Aliağa-Manisa yolu üzerinde, Aliağa'ya yaklaşık 13 kilometre mesafede bulunan Uzunhasanlar Köyü, bölgenin en eski yerleşimlerinden biri olarak bilinmektedir. Köyün kuruluşuna dair farklı rivayetler olsa da, resmi kayıtlarda 1721 yılında "Karye-i Uzun Hasanlu" adıyla anıldığı bilinmektedir.
![](https://izgazetenet.teimg.com/izgazete-net/uploads/2025/02/izmirin-tarih-kokan-koyu-uzunhasanlar-1.jpg)
Uzunhasanlar Köyü'nün tarihçesi
İlk dönemlerde Saruhan Sancağı'na (günümüzde Manisa ili) bağlı olan köy, daha sonra Menemen'in Aliağa Nahiyesi'ne, günümüzde ise Aliağa ilçe belediyesine bağlanmıştır. 1808-1809 yıllarına ait kayıtlarda "Uzun Hasanlar Karyesi" olarak geçen köyün, o dönemde 10 hane olduğu belirtilmektedir.
Uzunhasanlar Köyü, özellikle su kuyuları ile tanınır. Osmanlı döneminde hayırseverler tarafından yaptırılan bu kuyular, köyün su ihtiyacını karşılamanın yanı sıra, kültürel bir miras olarak da önem taşır. Günümüzde de kullanılan bu kuyular, köyde bir gelenek haline gelmiştir.
![](https://izgazetenet.teimg.com/izgazete-net/uploads/2025/02/izmirin-tarih-kokan-koyu-uzunhasanlar.jpg)
Tisna Antik Kenti
Köyün kuzeydoğusunda yer alan Koca Kale Tepe ve Sarı Kale Tepe bölgeleri, 2015 yılında 1. derece arkeolojik sit alanı olarak tescillenmiştir. Yapılan yüzey araştırmalarında, Erken Demir Çağı'ndan Bizans Dönemi'ne kadar kesintisiz bir yerleşim olduğu tespit edilmiştir. Bu alanın, antik Tisna kenti olduğu düşünülmektedir.

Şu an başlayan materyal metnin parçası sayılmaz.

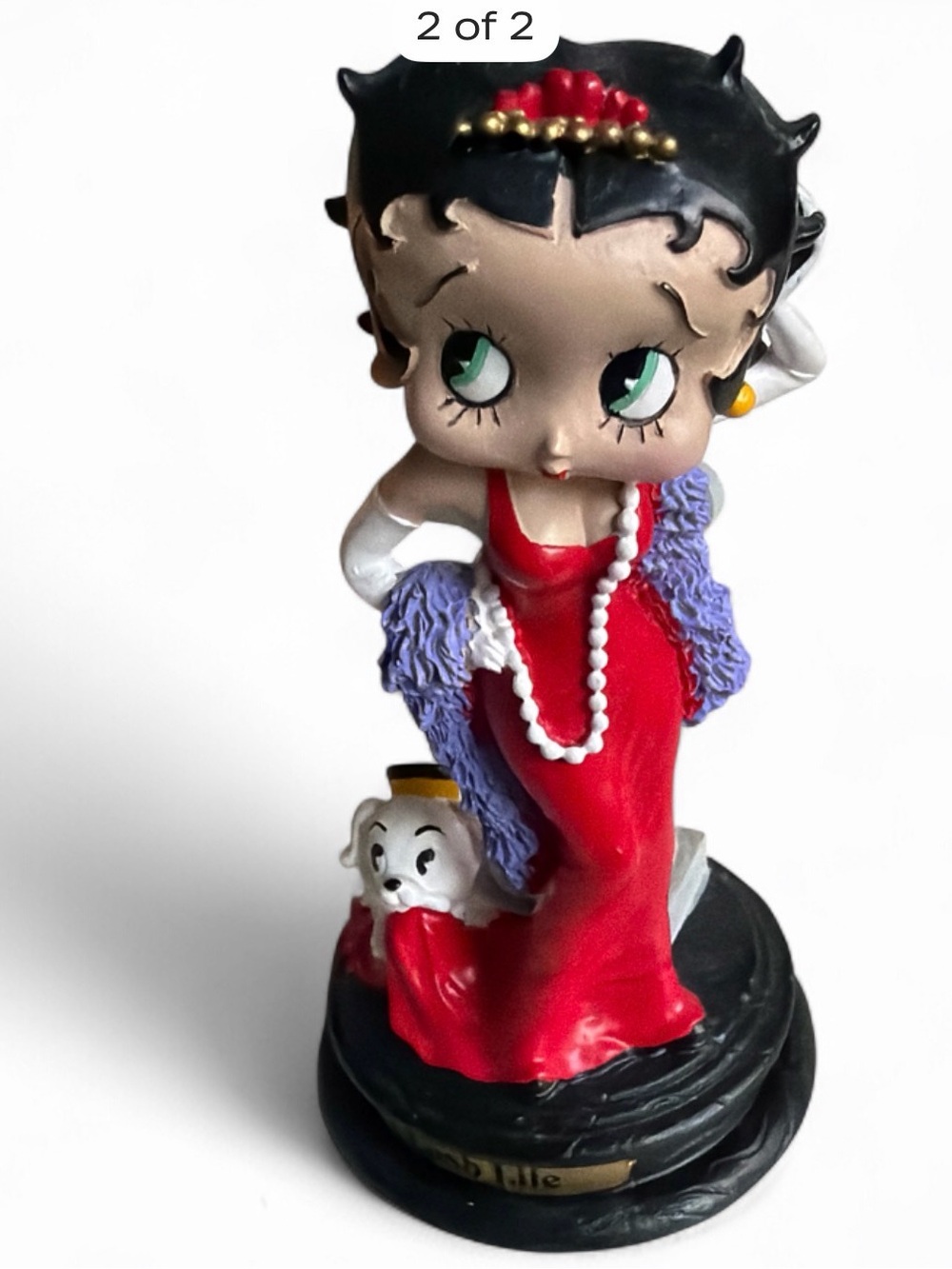 Betty Boop Red Dress Figurine with Purple Shawl and Black Base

![](https://izgazetenet.teimg.com/izgazete-net/uploads/2025/02/izmirin-tarih-kokan-koyu-uzunhasanlar-2.jpg)
Günümüzde Uzunhasanlar Köyü
Yaklaşık 100 haneden oluşan köyün geçim kaynağı tarım ve hayvancılıktır. Güzelhisar Çayı'nın sınırlı suları ve artezyen kuyuları kullanılarak sulu tarım yapılmaktadır. Ayrıca, köyün bir kısmı Aliağa ve çevresindeki sanayi bölgelerinde çalışmaktadır. Aliağa'ya yakınlık, köyden kente göçü engellemiş, hatta evlilik yoluyla tersine bir göçün yaşanmasına neden olmuştur.
Güzelhisar Barajı'nın yapılmasıyla su kaynakları kesilen köy, kuru tarıma yönelmek zorunda kalmıştır. Ayrıca, çevresindeki bazaltik andezit taş ocakları da köyü tehdit eden unsurlar arasındadır. Ancak, köyün tarihi ve kültürel değerlerinin korunması için çeşitli çalışmalar yürütülmektedir.